[Opening EXCERPTED RECORDS section]
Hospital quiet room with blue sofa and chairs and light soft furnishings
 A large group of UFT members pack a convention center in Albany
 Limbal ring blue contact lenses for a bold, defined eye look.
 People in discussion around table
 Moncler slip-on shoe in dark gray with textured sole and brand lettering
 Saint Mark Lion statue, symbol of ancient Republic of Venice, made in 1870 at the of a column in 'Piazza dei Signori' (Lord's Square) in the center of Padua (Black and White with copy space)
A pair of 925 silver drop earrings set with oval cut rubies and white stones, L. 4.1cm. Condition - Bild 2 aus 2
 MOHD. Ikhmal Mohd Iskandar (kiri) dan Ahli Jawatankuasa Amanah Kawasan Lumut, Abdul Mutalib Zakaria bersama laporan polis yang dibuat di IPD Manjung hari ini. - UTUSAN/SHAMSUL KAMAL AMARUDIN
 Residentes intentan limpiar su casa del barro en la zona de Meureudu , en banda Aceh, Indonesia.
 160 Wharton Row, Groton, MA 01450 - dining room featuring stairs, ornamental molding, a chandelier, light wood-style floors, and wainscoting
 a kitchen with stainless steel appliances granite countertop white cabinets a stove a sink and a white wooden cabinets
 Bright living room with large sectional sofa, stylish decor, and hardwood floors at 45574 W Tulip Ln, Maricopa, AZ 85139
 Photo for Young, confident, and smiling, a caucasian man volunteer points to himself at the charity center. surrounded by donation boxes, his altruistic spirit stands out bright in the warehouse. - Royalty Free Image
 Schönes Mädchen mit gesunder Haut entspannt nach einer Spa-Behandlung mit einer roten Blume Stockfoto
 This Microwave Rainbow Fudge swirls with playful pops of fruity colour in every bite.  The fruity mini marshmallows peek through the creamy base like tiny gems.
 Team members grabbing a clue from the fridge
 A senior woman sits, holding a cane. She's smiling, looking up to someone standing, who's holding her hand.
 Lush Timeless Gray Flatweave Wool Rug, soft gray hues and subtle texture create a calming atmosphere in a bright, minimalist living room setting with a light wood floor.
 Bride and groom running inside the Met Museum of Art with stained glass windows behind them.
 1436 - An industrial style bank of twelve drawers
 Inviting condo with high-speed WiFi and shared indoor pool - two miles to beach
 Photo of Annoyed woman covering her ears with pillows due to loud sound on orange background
[Closing EXCERPTED RECORDS section]
WHAT IS EXPECTED
Where the records above contain a line with "Inviting condo with", repeat that line and each later line through the end, exactly, and nothing more.

EXPECTED ANSWER
 Inviting condo with high-speed WiFi and shared indoor pool - two miles to beach
 Photo of Annoyed woman covering her ears with pillows due to loud sound on orange background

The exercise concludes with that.